Indeed, “Crossing the Quality Chasm: A New Health System for the 21st Century” (2001) highlights that Six aims for Healthcare in the 21st Century are:

    • Safe
    • Patient Centred
    • Efficient
    • Effective
    • Timely
    • Equitable

Failure to reliably deliver results on urgent specimens within a clinically appropriate time frame fails these aims in a variety of ways—it is not Timely, it is not Efficient, and it is not Patient Centred if patients spend unnecessary hours waiting for treatment or management discharge decisions simply because pathology results are delayed. Further, it is not Equitable if patients with the slowest 30% of pathology turn around times have an unnecessary wait/delay compared to patients with the fastest 30% of pathology turn around times—simply because the pathology processes are inadequate in delivering the same reliable and rapid service to all patients requiring urgent tests.

Worldwide it is estimated that there are approximately 400 million samples each year in OECD countries that require tests to be performed urgently (approximately 10% of annual pathology tests). With a failure to perform these tests within an appropriate time frame in 8-30% of samples, there are potentially 32-120 million instances each year in OECD countries where patient care is delayed or compromised because of inadequacies in the current approaches to testing urgent pathology specimens.
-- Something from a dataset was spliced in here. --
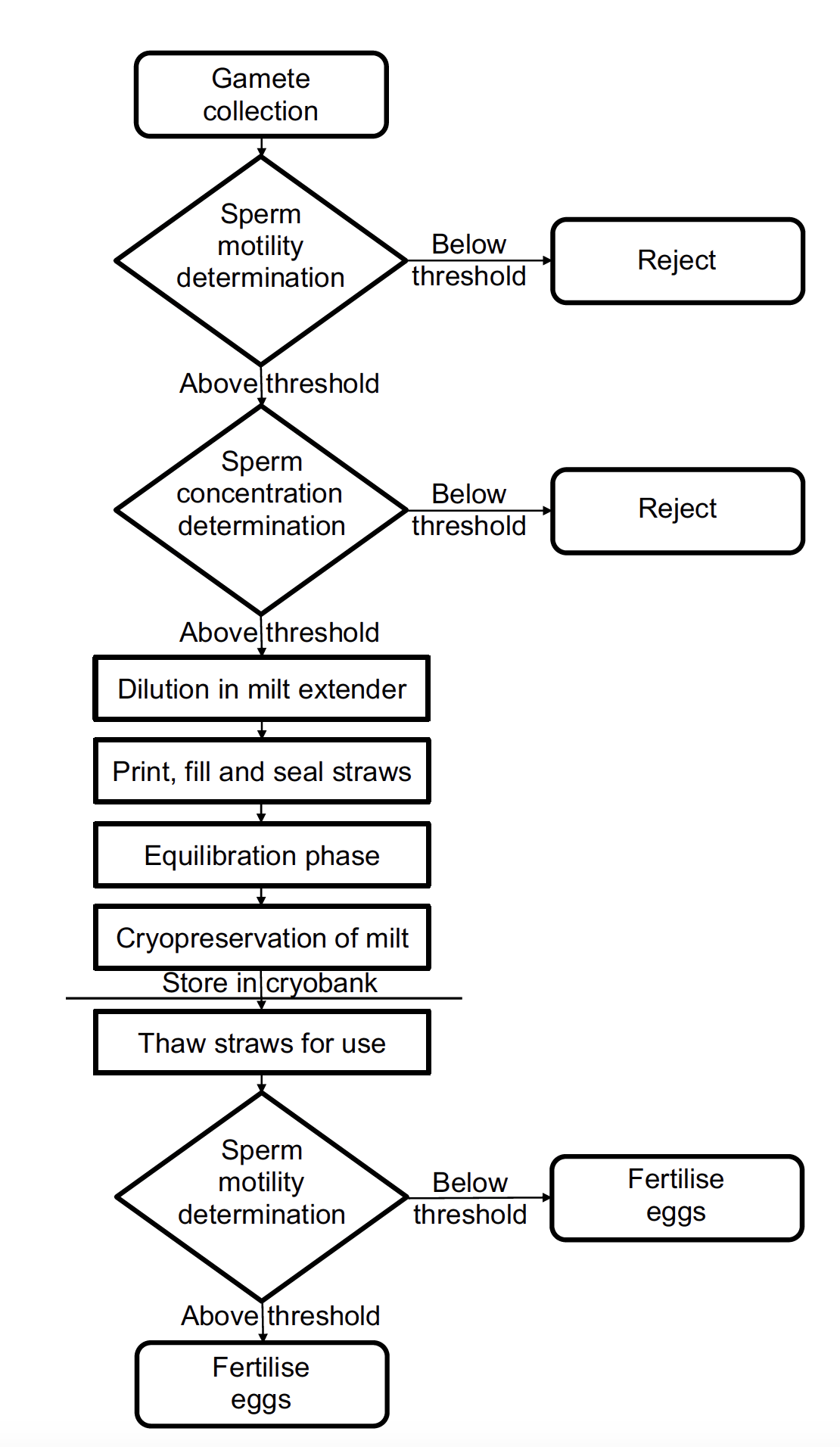 A flow chart showing the steps taken when cryopreserving sperm from gamete collection, sperm testing, and freezing to eventual thawing and use for fertilisation.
Current pathology processes and systems for the handling of urgent or priority samples have significant shortcomings that contribute to compromised patient care, adverse patient events, and major expense for healthcare systems around the world.

OBJECT OF THE INVENTION

It is an object of the invention to overcome or alleviate one or more of the above disadvantages or provide the consumer with a useful or commercial choice.

SUMMARY OF THE INVENTION

In one form, although not necessarily the only or broadest form, the invention resides in a method of prioritizing a sample, the method comprising the steps of:

incorporating an indicator band around a body of a specimen container

wherein the indicator band is incorporated on a body of the specimen container prior to a sample being located within the body of the specimen container.

Preferably, the indicator is located on the body adjacent an opening of the specimen container.
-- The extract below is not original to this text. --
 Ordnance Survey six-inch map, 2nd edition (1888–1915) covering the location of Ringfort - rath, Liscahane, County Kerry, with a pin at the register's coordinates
A lid indicator may extend around the lid of the specimen container or form part of the top of the lid of the specimen container.

The indicator band may form part of a label that is applied to the specimen container. Alternatively, the indicator may be integral with the specimen container. Still alternatively, the indicator may be printed onto the specimen container.
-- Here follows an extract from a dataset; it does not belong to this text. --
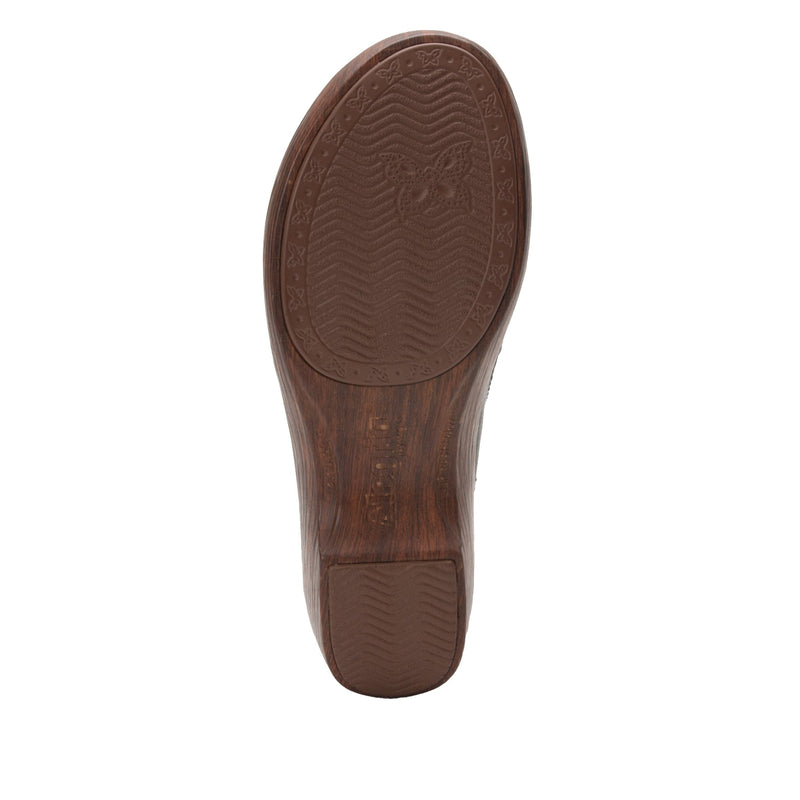 Sereniti Obsidian Shoe | Alegria Shoes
The indicator may include a human readable element (for example, words) and a machine readable element (for example, a bar code) to indicate the priority and/or level of prioritization of the sample and may include a grading system. Alternatively, different coloured indicators and/or different styles of indicators may be used to inform different levels or gradings of prioritization

Preferably, the indicator is brightly coloured and/or sized so that it is visible from a distance.

The indicator may also include a human readable and/or a machine readable element (for example, a bar code) specifying the urgency of the sample/specimen.

In another form, the invention resides in a specimen container comprising:

a body for placement of a specimen; and

an indicator band extending around the body;

wherein the band is brightly coloured to be visible from a distance.

Preferably, the specimen container includes a lid for placement on the body of the specimen container.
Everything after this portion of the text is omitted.